SUPPLIED ENTRIES:
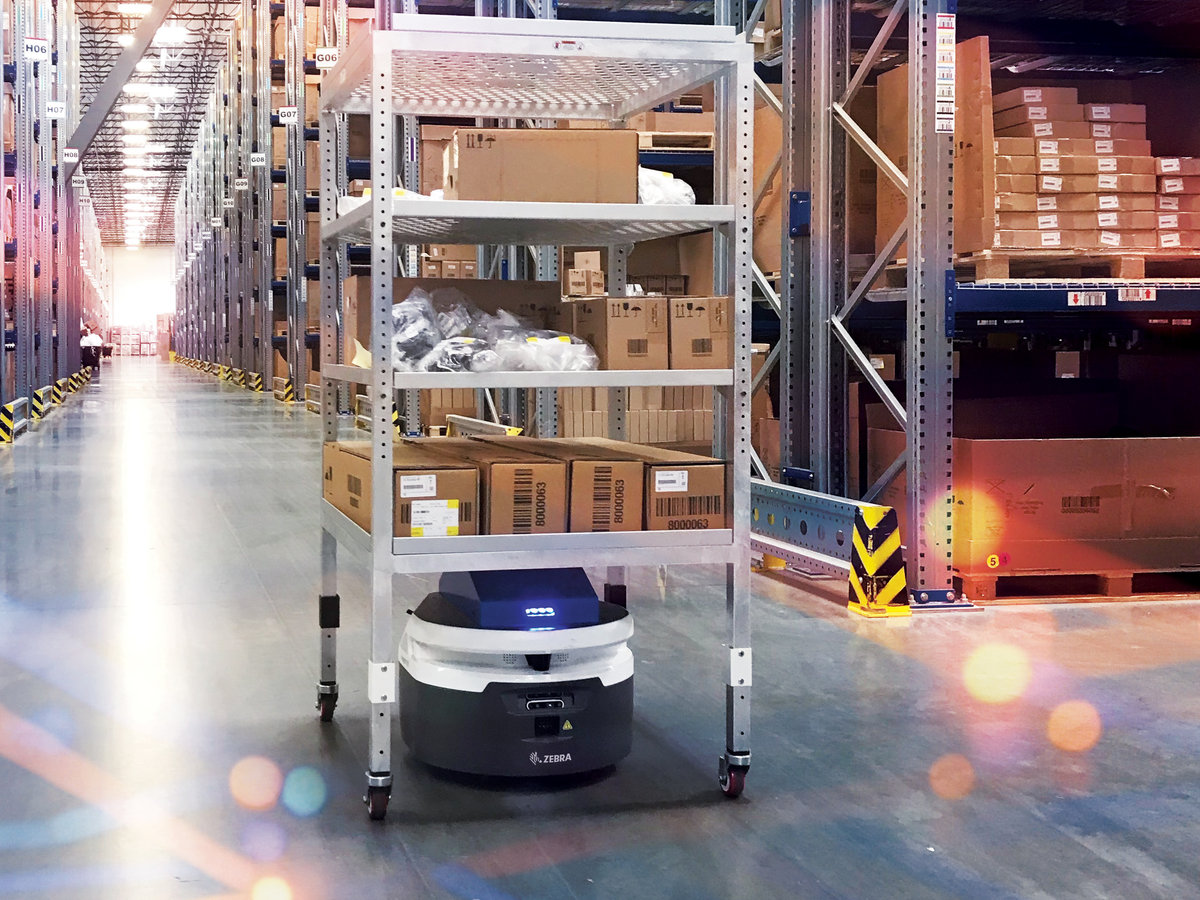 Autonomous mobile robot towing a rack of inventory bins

--

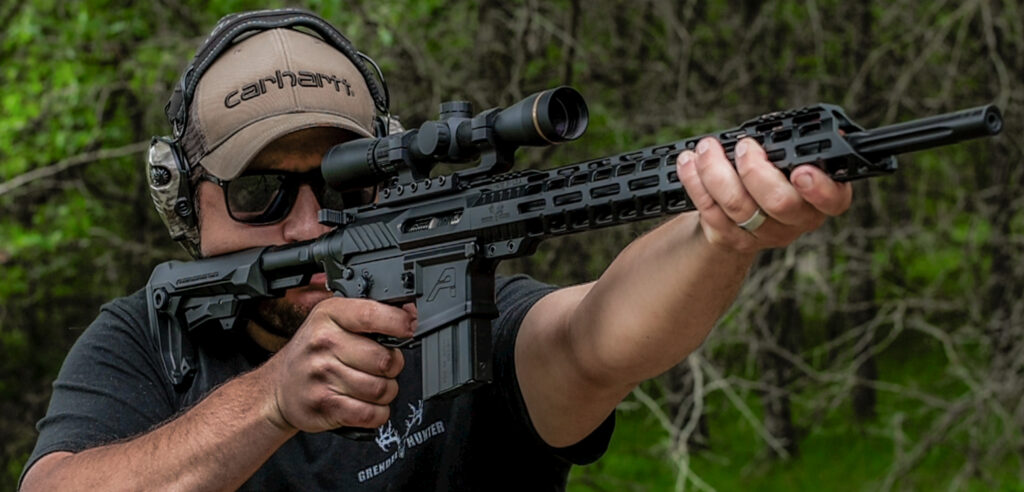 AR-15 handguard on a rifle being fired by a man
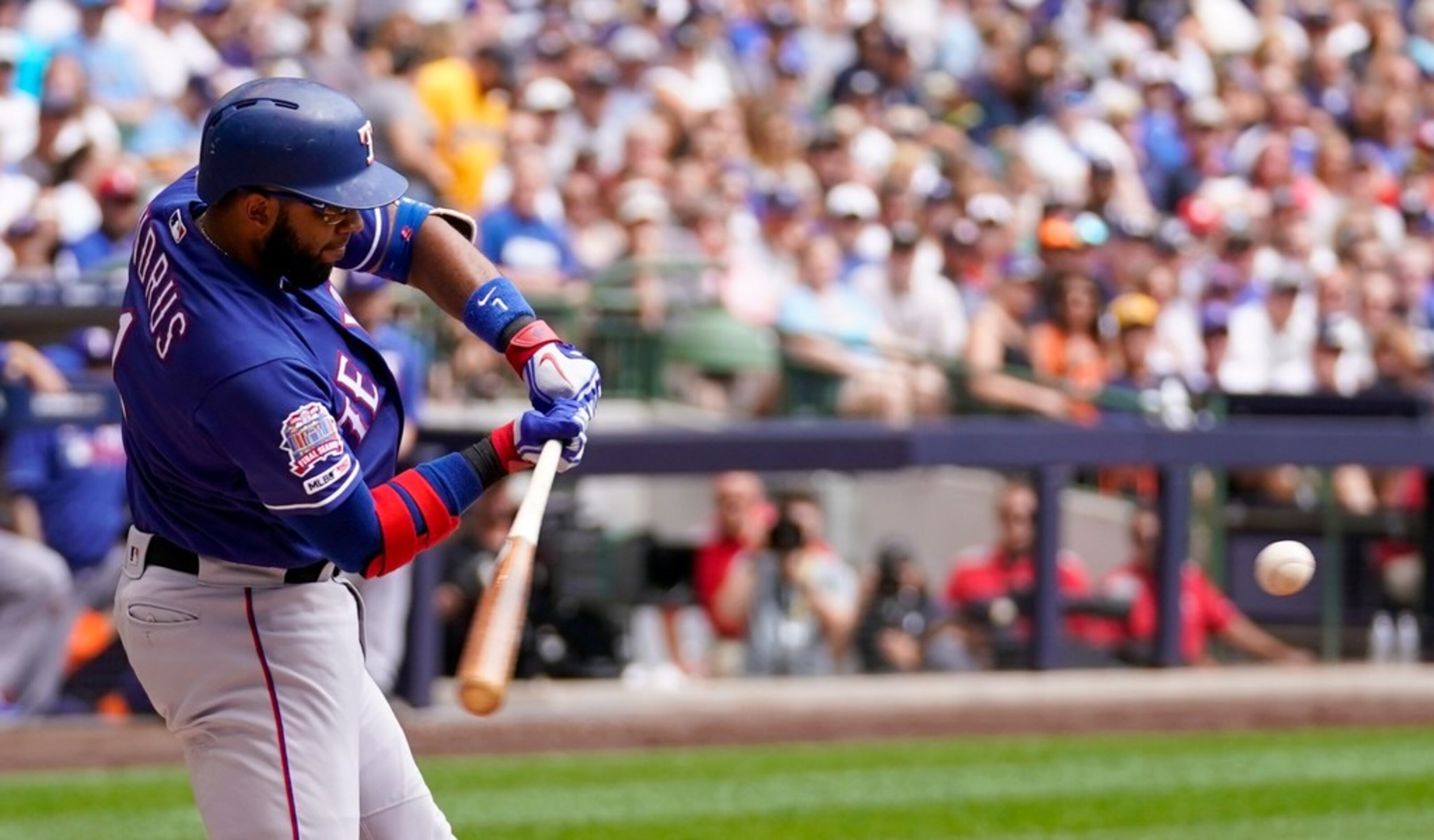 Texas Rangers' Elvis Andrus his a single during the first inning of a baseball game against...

WHAT THE TASK ASKS: Lines from the one above containing "AR-15 handguard on" down to the one containing "Texas Rangers' Elvis" should be transcribed exactly, with both ends kept and no pictures.

EXERCISE OUTPUT:
 AR-15 handguard on a rifle being fired by a man
 Texas Rangers' Elvis Andrus his a single during the first inning of a baseball game against...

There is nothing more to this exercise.